# Input data:
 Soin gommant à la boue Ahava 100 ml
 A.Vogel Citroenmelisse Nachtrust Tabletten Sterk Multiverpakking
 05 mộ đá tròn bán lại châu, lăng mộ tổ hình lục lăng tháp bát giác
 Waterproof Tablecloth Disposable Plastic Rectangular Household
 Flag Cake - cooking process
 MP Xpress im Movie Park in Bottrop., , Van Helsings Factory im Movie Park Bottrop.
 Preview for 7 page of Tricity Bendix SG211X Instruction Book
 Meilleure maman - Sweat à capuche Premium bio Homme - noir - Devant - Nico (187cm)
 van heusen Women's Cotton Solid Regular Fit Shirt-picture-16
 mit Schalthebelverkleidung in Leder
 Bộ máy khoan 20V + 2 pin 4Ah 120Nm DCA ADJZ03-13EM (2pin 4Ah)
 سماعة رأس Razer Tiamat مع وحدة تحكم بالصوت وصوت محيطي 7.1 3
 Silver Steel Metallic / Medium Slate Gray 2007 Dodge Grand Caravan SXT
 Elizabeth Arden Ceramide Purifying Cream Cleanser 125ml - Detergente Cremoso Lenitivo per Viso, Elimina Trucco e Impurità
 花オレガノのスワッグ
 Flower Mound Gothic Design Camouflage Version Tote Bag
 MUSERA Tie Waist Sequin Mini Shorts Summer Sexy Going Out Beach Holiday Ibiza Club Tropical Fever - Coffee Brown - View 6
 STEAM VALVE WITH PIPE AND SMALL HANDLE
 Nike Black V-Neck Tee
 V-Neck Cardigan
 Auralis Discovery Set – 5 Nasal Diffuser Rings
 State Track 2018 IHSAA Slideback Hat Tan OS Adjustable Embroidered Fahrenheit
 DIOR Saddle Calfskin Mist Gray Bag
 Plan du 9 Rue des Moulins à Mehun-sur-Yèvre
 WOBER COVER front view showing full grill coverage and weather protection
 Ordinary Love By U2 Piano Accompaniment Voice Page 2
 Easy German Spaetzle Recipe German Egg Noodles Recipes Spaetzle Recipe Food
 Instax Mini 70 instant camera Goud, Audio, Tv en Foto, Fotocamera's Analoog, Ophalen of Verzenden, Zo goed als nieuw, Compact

# Assignment:
Find "mit Schalthebelverkleidung in Leder" in the entries above and copy that whole line exactly, then each line after it through the line that contains "Plan du 9 Rue des Moulins à Mehun-sur-Yèvre".

# Task answer:
 mit Schalthebelverkleidung in Leder
 Bộ máy khoan 20V + 2 pin 4Ah 120Nm DCA ADJZ03-13EM (2pin 4Ah)
 سماعة رأس Razer Tiamat مع وحدة تحكم بالصوت وصوت محيطي 7.1 3
 Silver Steel Metallic / Medium Slate Gray 2007 Dodge Grand Caravan SXT
 Elizabeth Arden Ceramide Purifying Cream Cleanser 125ml - Detergente Cremoso Lenitivo per Viso, Elimina Trucco e Impurità
 花オレガノのスワッグ
 Flower Mound Gothic Design Camouflage Version Tote Bag
 MUSERA Tie Waist Sequin Mini Shorts Summer Sexy Going Out Beach Holiday Ibiza Club Tropical Fever - Coffee Brown - View 6
 STEAM VALVE WITH PIPE AND SMALL HANDLE
 Nike Black V-Neck Tee
 V-Neck Cardigan
 Auralis Discovery Set – 5 Nasal Diffuser Rings
 State Track 2018 IHSAA Slideback Hat Tan OS Adjustable Embroidered Fahrenheit
 DIOR Saddle Calfskin Mist Gray Bag
 Plan du 9 Rue des Moulins à Mehun-sur-Yèvre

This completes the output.